The Baltimore Colts, tied with the New York Giants, 17 to 17, in this sudden death. Unitas takes, he gives to Ameche, and the ballgame is over! Alan Ameche has scored the touchdown, and the Baltimore Colts are the professional football champions of the world!
To hear Peter King explain it, this sequence at Yankee Stadium on Dec. 28, 1958, certainly isn’t considered one of the great plays of NFL history.
“You could call it one of the most significant plays in NFL history,” King, the longtime NFL reporter, said.

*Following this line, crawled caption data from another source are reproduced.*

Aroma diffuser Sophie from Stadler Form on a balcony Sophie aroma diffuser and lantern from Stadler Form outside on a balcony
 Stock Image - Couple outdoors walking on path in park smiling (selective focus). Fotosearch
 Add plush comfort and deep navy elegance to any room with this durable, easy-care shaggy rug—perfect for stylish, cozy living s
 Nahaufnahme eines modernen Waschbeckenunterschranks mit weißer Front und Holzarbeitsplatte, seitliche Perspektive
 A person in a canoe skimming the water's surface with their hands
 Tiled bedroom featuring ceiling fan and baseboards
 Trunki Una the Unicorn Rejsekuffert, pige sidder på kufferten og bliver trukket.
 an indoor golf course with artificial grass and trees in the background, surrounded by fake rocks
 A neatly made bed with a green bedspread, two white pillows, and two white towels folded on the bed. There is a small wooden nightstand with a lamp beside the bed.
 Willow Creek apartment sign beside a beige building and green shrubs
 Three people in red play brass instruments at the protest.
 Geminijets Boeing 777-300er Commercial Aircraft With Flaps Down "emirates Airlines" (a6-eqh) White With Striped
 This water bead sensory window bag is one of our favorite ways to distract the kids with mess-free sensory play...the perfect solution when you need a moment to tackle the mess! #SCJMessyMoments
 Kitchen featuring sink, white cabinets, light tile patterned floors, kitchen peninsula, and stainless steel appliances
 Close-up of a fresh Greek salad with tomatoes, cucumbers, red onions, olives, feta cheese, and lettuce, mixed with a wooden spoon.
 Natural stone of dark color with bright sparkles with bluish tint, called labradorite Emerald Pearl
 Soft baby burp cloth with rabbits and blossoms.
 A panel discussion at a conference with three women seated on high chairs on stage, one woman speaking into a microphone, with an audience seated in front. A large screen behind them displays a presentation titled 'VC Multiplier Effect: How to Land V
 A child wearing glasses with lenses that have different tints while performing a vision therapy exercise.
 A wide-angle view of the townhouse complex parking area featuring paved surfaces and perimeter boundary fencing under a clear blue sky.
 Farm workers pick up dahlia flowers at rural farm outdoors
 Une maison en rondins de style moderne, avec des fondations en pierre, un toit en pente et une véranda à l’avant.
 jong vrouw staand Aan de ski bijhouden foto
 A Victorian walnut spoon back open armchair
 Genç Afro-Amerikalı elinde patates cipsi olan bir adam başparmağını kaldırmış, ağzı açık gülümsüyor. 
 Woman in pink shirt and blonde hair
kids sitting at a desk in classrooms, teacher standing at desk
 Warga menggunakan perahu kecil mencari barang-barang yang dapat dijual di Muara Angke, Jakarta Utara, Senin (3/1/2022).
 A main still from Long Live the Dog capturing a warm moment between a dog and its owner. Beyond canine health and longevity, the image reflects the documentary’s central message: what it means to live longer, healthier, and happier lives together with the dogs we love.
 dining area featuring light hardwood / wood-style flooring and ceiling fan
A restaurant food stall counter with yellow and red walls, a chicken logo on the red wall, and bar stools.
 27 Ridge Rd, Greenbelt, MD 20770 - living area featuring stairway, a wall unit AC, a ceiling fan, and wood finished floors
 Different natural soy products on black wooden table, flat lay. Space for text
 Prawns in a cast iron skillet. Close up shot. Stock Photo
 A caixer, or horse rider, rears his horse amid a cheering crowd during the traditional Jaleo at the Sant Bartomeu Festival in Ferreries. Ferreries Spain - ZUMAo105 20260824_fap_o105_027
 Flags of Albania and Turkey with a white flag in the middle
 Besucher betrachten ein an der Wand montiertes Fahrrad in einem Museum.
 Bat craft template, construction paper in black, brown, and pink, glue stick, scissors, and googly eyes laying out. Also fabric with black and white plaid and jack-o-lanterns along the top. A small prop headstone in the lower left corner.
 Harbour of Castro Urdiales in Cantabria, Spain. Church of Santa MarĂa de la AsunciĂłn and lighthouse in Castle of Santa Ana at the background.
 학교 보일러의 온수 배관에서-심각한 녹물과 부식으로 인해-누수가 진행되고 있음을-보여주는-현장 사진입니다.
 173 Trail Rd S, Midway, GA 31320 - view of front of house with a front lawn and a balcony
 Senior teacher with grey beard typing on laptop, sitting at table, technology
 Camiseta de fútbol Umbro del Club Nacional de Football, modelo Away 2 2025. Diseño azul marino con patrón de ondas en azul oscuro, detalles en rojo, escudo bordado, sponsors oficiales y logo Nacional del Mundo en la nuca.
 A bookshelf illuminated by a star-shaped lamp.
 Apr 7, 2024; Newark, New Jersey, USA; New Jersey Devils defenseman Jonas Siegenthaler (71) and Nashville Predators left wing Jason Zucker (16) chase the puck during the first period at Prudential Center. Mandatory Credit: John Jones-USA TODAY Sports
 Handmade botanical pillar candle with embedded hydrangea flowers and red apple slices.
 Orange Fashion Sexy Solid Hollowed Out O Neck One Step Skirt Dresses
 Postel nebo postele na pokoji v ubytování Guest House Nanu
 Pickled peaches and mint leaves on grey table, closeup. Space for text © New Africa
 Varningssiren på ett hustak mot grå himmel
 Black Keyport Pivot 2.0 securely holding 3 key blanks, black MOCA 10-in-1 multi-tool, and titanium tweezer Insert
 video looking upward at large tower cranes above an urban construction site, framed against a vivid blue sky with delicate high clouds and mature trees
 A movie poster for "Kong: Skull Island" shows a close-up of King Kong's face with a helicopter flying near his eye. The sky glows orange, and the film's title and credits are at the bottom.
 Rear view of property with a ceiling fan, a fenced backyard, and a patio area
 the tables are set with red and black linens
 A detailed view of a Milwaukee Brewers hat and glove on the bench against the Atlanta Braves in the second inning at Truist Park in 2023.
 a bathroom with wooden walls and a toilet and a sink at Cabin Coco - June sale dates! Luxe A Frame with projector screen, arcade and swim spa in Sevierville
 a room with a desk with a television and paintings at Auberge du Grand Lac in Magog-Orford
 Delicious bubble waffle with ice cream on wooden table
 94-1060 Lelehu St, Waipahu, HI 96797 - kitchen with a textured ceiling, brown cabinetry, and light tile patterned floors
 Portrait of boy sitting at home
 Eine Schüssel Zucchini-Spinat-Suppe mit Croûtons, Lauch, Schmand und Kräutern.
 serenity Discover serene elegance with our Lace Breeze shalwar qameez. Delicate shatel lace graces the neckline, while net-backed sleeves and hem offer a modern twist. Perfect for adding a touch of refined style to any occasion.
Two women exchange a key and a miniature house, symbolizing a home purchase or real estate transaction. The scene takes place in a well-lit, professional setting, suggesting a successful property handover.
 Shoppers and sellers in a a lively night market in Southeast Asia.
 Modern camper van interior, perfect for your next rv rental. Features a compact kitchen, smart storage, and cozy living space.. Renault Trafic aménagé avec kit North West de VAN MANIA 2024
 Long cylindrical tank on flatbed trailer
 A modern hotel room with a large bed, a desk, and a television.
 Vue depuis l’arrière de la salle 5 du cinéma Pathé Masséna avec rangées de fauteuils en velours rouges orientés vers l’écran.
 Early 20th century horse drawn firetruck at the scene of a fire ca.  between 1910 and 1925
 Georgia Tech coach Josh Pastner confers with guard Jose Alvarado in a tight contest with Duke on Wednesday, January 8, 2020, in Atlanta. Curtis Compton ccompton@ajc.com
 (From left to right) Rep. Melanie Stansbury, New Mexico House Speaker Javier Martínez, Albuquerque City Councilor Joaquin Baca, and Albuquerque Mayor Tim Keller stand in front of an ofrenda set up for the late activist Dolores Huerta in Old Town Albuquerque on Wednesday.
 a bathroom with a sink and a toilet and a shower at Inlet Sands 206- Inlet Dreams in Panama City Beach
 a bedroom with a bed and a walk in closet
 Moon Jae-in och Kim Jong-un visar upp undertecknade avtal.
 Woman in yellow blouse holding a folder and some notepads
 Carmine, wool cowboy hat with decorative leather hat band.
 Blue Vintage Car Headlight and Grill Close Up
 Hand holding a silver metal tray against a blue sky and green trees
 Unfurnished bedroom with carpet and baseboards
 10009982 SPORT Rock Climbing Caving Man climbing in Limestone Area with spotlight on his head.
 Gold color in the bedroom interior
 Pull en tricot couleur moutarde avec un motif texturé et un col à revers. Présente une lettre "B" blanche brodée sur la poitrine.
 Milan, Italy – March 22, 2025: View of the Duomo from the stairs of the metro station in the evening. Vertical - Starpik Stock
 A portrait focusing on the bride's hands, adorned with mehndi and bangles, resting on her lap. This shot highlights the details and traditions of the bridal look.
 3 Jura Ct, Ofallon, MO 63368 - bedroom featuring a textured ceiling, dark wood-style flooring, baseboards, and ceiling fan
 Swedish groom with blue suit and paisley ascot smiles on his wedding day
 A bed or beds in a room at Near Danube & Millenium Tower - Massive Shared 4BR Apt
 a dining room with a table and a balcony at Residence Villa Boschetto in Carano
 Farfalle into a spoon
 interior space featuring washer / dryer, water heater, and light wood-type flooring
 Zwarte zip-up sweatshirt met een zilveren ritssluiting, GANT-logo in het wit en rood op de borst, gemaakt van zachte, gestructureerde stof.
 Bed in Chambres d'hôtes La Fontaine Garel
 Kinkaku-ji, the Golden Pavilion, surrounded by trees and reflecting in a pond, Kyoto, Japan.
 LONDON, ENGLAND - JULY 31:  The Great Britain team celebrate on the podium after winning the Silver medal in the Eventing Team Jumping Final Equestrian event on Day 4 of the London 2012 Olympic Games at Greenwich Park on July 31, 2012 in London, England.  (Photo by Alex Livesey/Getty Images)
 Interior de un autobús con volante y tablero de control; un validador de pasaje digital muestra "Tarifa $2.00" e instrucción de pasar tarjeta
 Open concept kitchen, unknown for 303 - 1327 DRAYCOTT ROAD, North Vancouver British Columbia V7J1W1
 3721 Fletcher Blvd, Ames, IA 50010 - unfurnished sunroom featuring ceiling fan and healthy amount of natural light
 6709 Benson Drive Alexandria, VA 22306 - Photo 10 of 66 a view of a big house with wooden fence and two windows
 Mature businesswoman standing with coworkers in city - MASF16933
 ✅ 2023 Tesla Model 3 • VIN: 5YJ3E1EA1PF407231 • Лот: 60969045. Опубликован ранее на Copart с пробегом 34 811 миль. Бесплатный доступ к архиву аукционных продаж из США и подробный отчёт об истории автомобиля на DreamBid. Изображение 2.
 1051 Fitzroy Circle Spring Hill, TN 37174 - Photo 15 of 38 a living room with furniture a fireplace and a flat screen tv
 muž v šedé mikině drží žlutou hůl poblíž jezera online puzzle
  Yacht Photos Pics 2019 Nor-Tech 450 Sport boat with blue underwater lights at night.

Accordingly, this one-yard touchdown run by Baltimore Colts fullback Alan Ameche against the New York Giants that clinched the 1958 National Football League championship in sudden death overtime — in a contest known simply as “The Greatest Game Ever Played” — continues to get its due respect.
As part of the NFL’s celebration of its 100th season this year, the NFL Network tonight continued its countdown of the “NFL 100 Greatest Plays,” and this all-timer from the Colts and Ameche lands at No. 19 on the countdown:
It’s the second Colts play to land on the list; tight end John Mackey’s improbable 64-yard touchdown catch and run against the Detroit Lions from Nov. 20, 1966, was ranked as the 40th greatest play in NFL history.
The 1958 NFL Championship Game, meanwhile, is considered such a landmark event because it really marked the beginning of football’s rise to becoming the most popular sport in the United States. This was helped tremendously by the fact that NBC televised the game to about 45 million viewers nationwide.
Both the Colts and the Giants came into the game with identical 9-3 records, although New York got the best of Baltimore (which was without star quarterback Johnny Unitas at the time) 24-21 in Week 7 of the regular season.
The Colts, who dominated the first two quarters and went into halftime with a 14-3 lead, would see the momentum slide the Giants’ way early in the third quarter, when Ameche was stuffed for a loss of five on 4th and Goal from the 1.
New York would need just five plays to go 95 yards, cutting Baltimore’s lead to four at 14-10 with a Mel Triplett one-yard touchdown run, and then took the lead, 17-14, on a 15-yard touchdown pass from Charley Conerly to Frank Gifford.
After several back and forths between the two teams, Unitas would engineer one of the most famous drives in league history, getting the ball to the New York 13-yard line, where Steve Myhra knocked in a game-tying 20-yard field goal with seven seconds left to send the game into overtime — the first of its kind in NFL playoff history.
The Giants won the toss but had to punt on their opening possession, and Unitas went to work again, driving the Colts 80 yards in 13 plays. That 13th play, of course, was Ameche’s one-yard, game-winning touchdown run, sending the crowd — and millions of viewers at home — into a frenzy.